Ce que j’appelle une littérature exotique ou folklorique, c’est une littérature qui, dans l’écriture ne concerne que son objet, que l’objet de l’œuvre. Et c’est dans ce processus d’écriture que le dépassement se fait. Il est tout à fait évident qu’en ce qui concerne Faulkner, c’est l’écriture qui a gêné, heurté et retardé les lecteurs dans leur approche de cette œuvre. Si Faulkner avait raconté les mêmes histoires, dans un style d’évidence folklorique, il aurait été sûrement plus apprécié, mais il aurait été un écrivain de second ordre, parce qu’il aurait été un écrivain qui n’aurait que fait le recensement folklorique de ce qui se passe dans le Sud des États-Unis.
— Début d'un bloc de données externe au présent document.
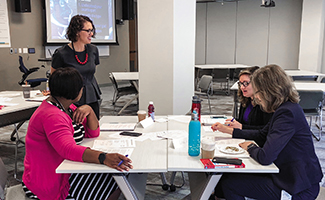 Amy Gallo (standing), author of Harvard Business Review’s Guide to Dealing with Conflict, checks in with participants at a workshop she led on conducting difficult conversations with coworkers.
Ma réponse c’est que bien sûr, on peut écrire des histoires de et sur son pays, mais on ne peut le faire qu’avec une absence de complaisance totale dans l’écriture, qui, par son propre procès, cherche autre chose, et par là dépasse forcément le cadre de ce qu’elle décrit. L’autre chose qu’elle cherche, dans la situation du monde actuel, c’est, je le répète, c’est ce qui est inédit, indu, invisible et inouï, dans la trame des relations entre les hommes et les cultures et qui fait, qui constitue ce que j’appelle la réalité du Chaos-Monde actuelle.